=== WHAT TO PRODUCE ===
Go through the data from its first line and retype each line, stopping once the line containing "100_1279.jpg" has been retyped.

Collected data
☆ ☆ ☆
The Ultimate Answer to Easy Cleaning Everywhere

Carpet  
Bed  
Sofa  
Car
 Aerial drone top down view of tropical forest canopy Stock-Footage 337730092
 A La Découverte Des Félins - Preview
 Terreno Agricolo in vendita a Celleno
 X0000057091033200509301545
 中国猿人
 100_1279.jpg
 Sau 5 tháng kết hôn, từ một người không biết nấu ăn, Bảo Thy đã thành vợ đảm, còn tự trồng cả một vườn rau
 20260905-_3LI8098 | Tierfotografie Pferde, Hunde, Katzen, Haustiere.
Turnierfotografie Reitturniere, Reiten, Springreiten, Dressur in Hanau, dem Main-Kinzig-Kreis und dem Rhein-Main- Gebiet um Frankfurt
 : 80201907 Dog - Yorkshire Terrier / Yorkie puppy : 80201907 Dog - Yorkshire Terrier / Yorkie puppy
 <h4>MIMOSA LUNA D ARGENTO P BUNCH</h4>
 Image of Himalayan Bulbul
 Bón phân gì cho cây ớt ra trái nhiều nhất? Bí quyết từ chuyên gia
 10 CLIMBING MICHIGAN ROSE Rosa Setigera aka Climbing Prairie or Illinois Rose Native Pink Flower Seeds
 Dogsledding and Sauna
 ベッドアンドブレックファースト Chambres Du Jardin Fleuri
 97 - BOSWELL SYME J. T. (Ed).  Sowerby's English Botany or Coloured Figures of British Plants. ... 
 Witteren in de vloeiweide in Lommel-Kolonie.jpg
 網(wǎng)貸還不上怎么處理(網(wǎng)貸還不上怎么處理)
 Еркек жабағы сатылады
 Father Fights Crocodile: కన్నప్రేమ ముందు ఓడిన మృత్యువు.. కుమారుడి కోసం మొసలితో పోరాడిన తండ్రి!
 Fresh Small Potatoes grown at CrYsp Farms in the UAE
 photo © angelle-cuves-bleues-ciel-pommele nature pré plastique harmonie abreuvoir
☆ ☆ ☆
=== RESPONSE AREA ===
The Ultimate Answer to Easy Cleaning Everywhere

Carpet  
Bed  
Sofa  
Car
 Aerial drone top down view of tropical forest canopy Stock-Footage 337730092
 A La Découverte Des Félins - Preview
 Terreno Agricolo in vendita a Celleno
 X0000057091033200509301545
 中国猿人
 100_1279.jpg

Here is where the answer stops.